LRD guides and handbook May 2019

Law at Work 2019 - the trade union guide to employment law

Chapter 7

Defence to indirect discrimination 





[ch 7: pages 230-231]

An employer can defeat a claim for indirect discrimination by showing that the PCP is a proportionate means of achieving a genuine and legitimate aim. “Legitimate aim” is not defined. Instead, each case depends on its own facts. 



The tribunal’s job is to carefully scrutinise both the employer’s aim and the means chosen to achieve it, and to check that there were no less discriminatory ways of achieving the aim. The tribunal must carry out this scrutinising role even if the employer is the state , for example, a government department. The test is objective. In other words, it is based on the tribunal’s own assessment, not the employer’s subjective opinion (Hardys and Hansons plc v Lax [2005] EWCA Civ 846). The tribunal conducts a balancing exercise, weighing the interests of those who are disadvantaged against the employer’s need to achieve the aim. The more severe the negative impact on the disadvantaged group, the harder it will be for the employer to justify the policy. The existence of practical alternatives is important when deciding whether a chosen policy was proportionate (Kapenova v Department of Health [2013] UKEAT 0142/13/1404). A discriminatory policy must go no further than necessary to achieve the aim. 





An employer’s desire to make more money cannot be a justification on its own for discrimination (O’Brien v Ministry of Justice [2013] UKSC 6).

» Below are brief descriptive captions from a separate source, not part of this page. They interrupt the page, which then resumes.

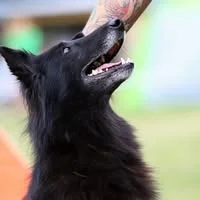 Rasa Vaščilienė
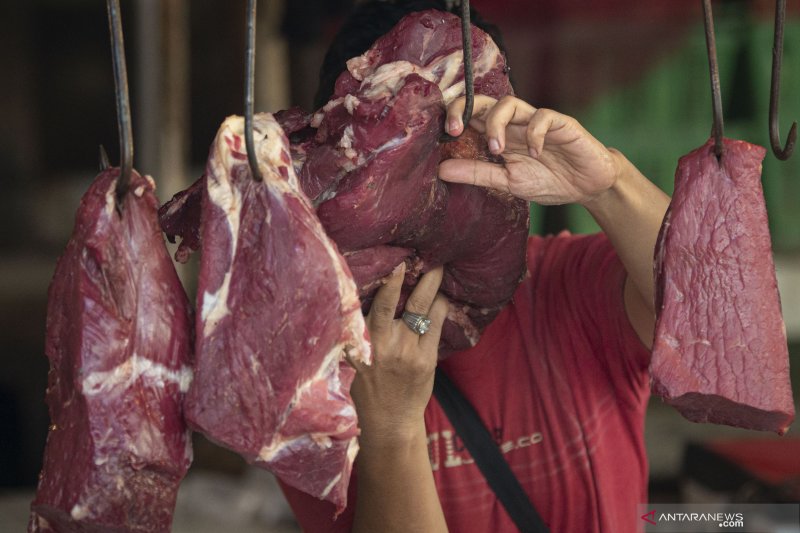 Daging sapi has naik jadi Rp135.348 per kg di Jakarta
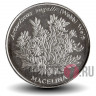 50 эскудо 1994 года - Кабо-Верде - Астерискус - UNC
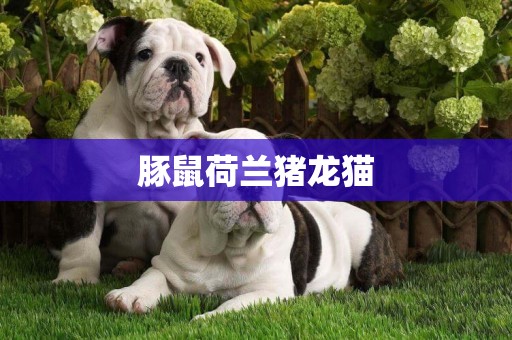 豚鼠荷蘭豬龍貓
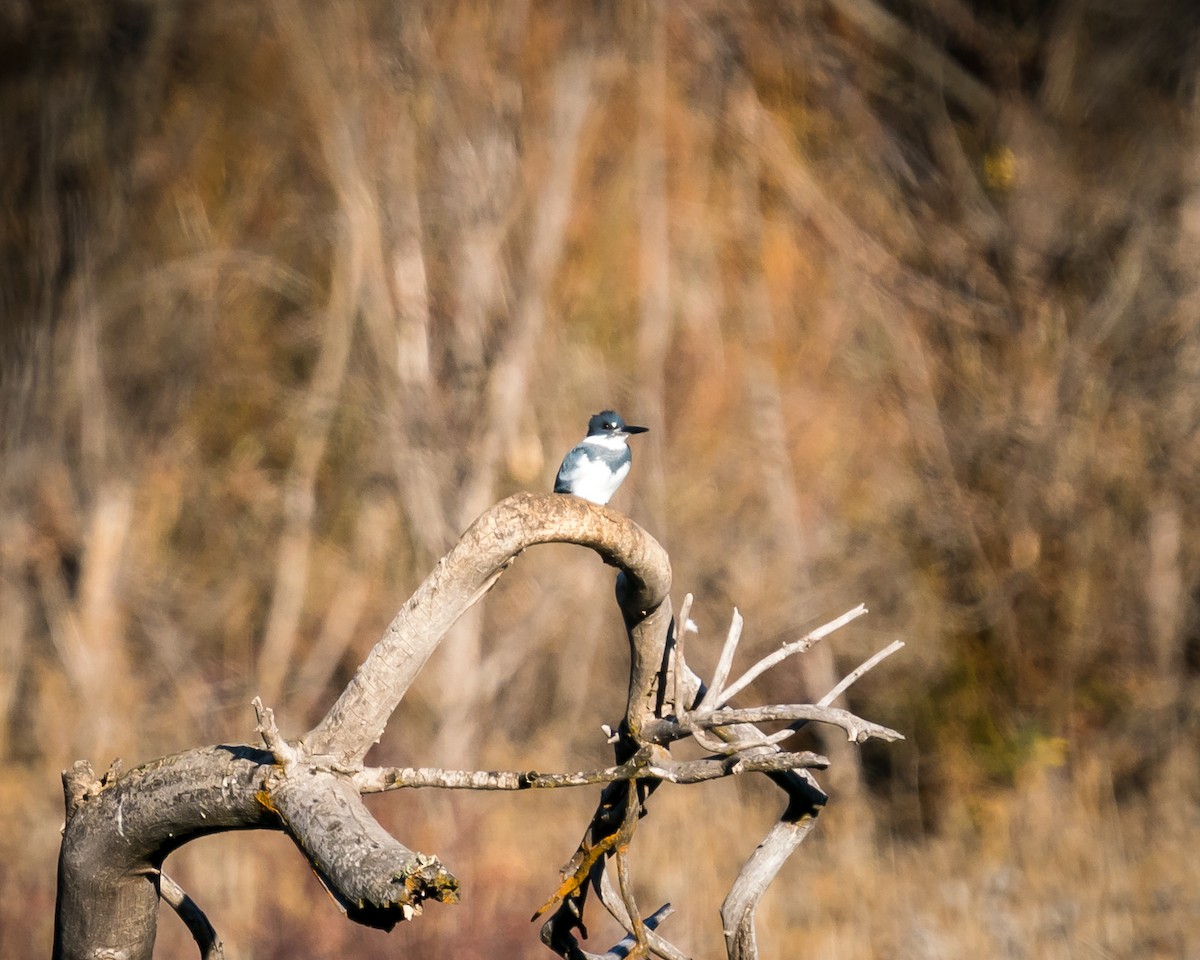 Belted Kingfisher - Tim Frye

However, the line is not always clear. It is legitimate for a business to make its own decisions about allocating resources, as long as these are proportionate and evidence-based (HM Land Registry v Benson [2011] UKEAT 0197/11/1002) and to want to safeguard its future financial viability (Braithwaite v HCL BPO Insurance Services Limited [2015] UKEAT/0152/14/DM). 

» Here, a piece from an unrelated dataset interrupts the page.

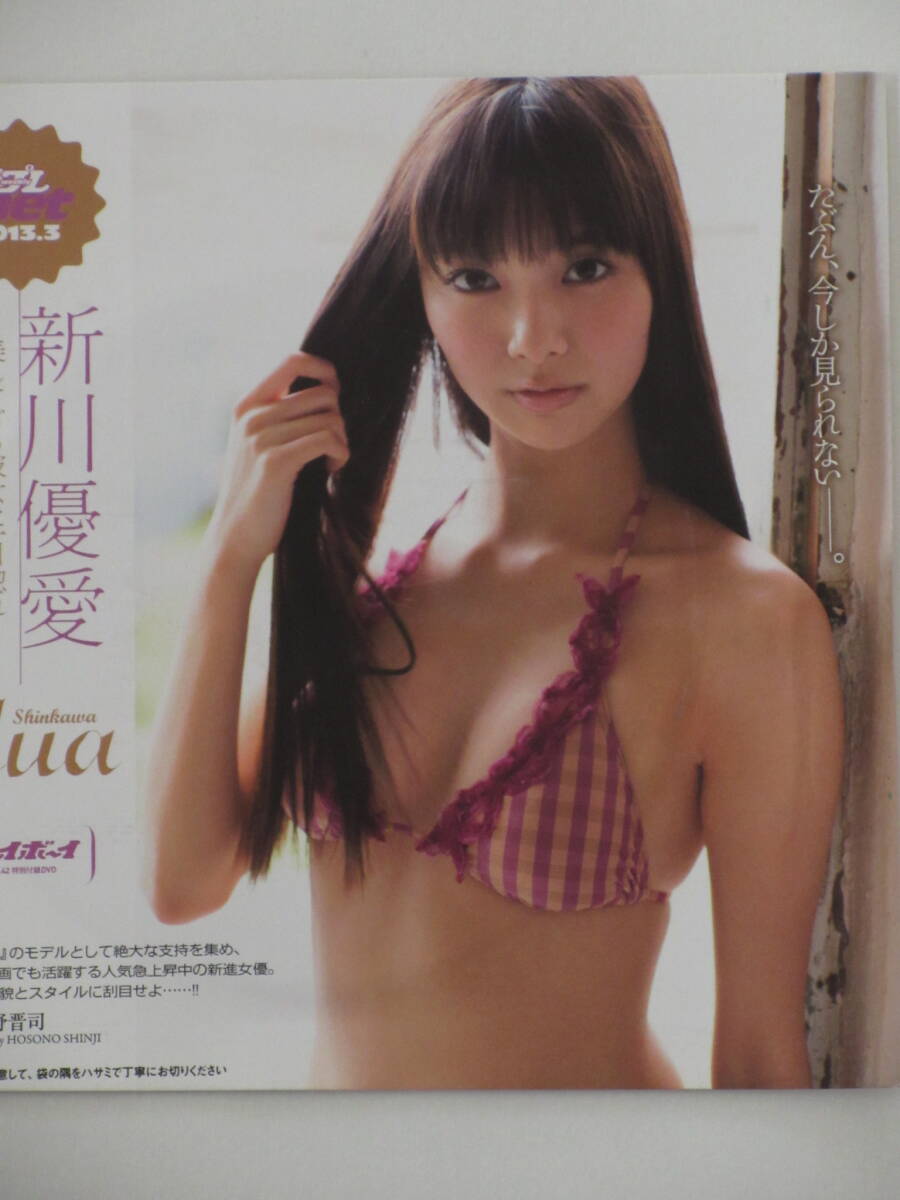 ◆即決◆ 新川優愛 付録DVD ◆同梱可◆拍卖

Law prohibiting indirect discrimination can be a powerful tool for unions in the fight for equality at work. A rule or practice is more likely to be considered proportionate if it results from consultation with the workforce or negotiation with a trade union where one is recognised (Loxley v BAE Systems (Munitions & Ordinance) Limited [2008] ICR 1348). 


On its own, the need for good industrial relations cannot justify indirect discrimination (Kenny v Ministry of Justice [2012] EUECJ C-427/11).